Elle expose à l’appui de ses demandes que la pose n’avait pas été menée correctement, la fenêtre ne fermant pas et gènant l’ouverture du volet roulant ; que l’entreprise est alors à nouveau intervenue, à la suite de quoi subsistait un espace anormal sur le panneau gauche, la fenêtre n’étant toujours pas jointive et les aérations du cadre bas de la fenêtre ayant été bouchées. Enfin l’isolant posé lors de la deuxième intervention était disgracieux et visible de l’extérieur.

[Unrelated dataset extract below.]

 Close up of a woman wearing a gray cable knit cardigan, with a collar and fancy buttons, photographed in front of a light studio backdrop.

Elle ajoute qu’après un épisode de pluie, elle a constaté que l’eau stagnait et qu’un nouvel interstice était apparu.
Par acte du 19 mars 2025 la société Sécurité générale ADS a fait assigner la société Allianz IARD en intervention forcée aux fins de voir prononcer la réception judiciaire des travaux, condamner la SAS Protection sécurité générale à la garantir des condamnations en principal frais et accessoires ainsi qu’à lui payer la somme de 1 500 euros en application de l’article 700 du code de procédure civile.

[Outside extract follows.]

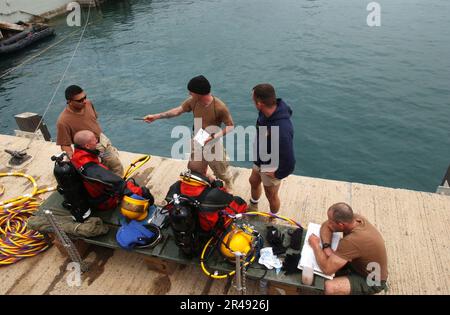 Mitglieder der US Navy des Unterwasserbauteams zwei (UCT-2) hören sich eine Sicherheitsunterweisung von ihrem Tauchleiter an Stockfoto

Elle indique qu’elle est actuellement sans activité sans être pour autant en liquidation, en raison de désordres affectant le local commercial dans lequel elle exploite son activité.
Elle fait valoir que la réception judiciaire avec réserves peut être prononcée, la baie vitrée étant en état d’usage et fonctionnelle depuis le 25 mai 200 et précise qu’elle est en droit de solliciter la mobilisation de la garantie décennale au titre de désordres non apparents affectant un élément d’équipement indissociable rendant l’ouvrage impropre à sa destination.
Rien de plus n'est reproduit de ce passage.